For a perfect flawless install of a complete DTP workstation with all the tweaks and testing plan at least 6 hr. minimum per workstation. Start to finish with testing is typically 8-10 hours. This attention to detail means clients rarely have problems after you finish, which will now reliably run what are arguably some of the more complex and demanding applications in the PC world.
Our advice for sys admins is to actually learn something about these programs by using them a bit. Your DTP users need good reliable fonts (Type 1 recommended, no shareware True Type fonts), well calibrated and profiled monitors, as well as printer reliability and resolution atypical for the typical office user.
Look at the Distiller Troubleshooting Guide Font substitution and distilling errors will probably be the number one reason for support calls. Recommend to your users to avoid the Export to PDF function and separately create a postscript file. Then, use Distiller separately to create the PDF. It is our opinion and shared by many that the only reason to use Export to PDF is for bookmarks and hyperlinks in a PDF. The other option is to purchase the full Acrobat package, which can enable these features as well as other PDF editing options.
Pagemaker still has some important 16 bit code for compatibilty. We encourage users to maintain file names in a DOS and cross platform compatible mode, especially if the files will be sent to outside providers. Thus a deeply buried subdirectory under My Documents is to be avoided. Avoid illegal DOS characters, spaces and paths longer than 66 characters.
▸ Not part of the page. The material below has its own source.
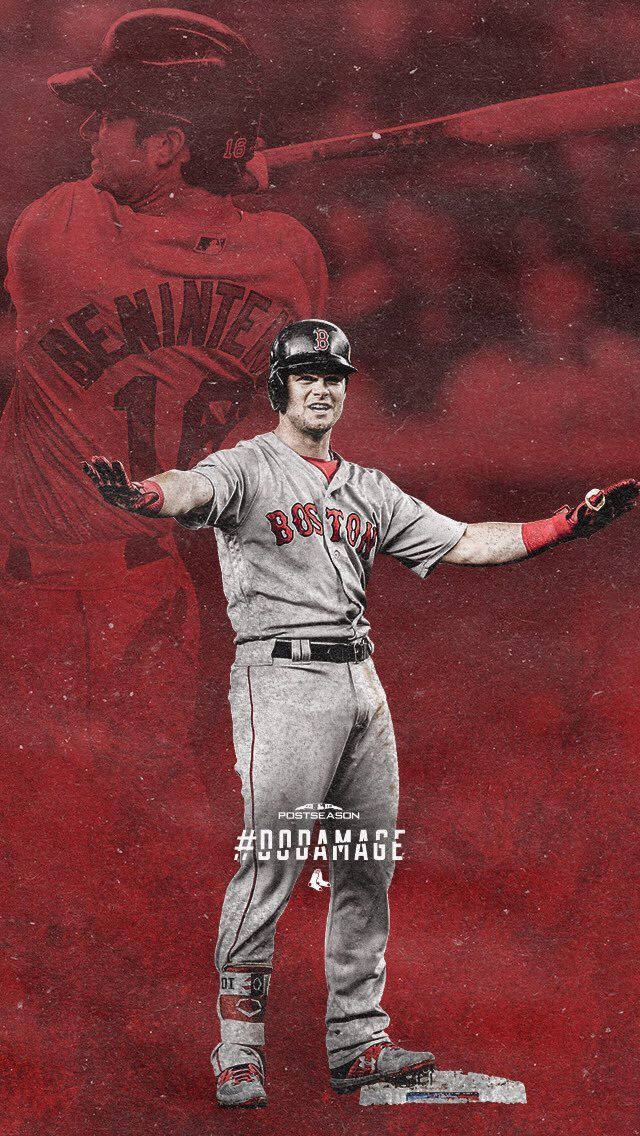 Red Sox 桌布 壁紙 — 一名身穿波士頓球衣的棒球運動員在本壘板張開雙臂慶祝，背景為紋理紅色。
It is better to redirect a folder to a mapped drive. This helps to avoid link errors with externally linked images and plug-in errors.
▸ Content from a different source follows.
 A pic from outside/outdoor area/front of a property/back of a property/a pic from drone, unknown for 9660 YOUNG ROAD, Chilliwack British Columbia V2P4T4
When purchasing Postscript laser printers for workgroups, we highly recommend Adobe®licensed Postscript engines in the mix of your analysis. Some clone interpreters have problems with complex output or certain font combinations. Normal office applications typically do not generate the type of complex output which causes postscript errors. Certainly, Pagemaker, Quark Xpress and InDesign can. The specs might say “Postscript compatible”, but with Pagemaker and other DTP applications, a genuine Adobe interpreter in the printer makes a great deal of difference. We answer questions about printer issues daily in the Adobe support problems. A large majority of the problems occur with third party interpreters. In our own experience our clients with true postscript printers have postscript errors about 3 or 4 times a year. No, we don’t get one cent for saying this. We recommend this because experience tells us so.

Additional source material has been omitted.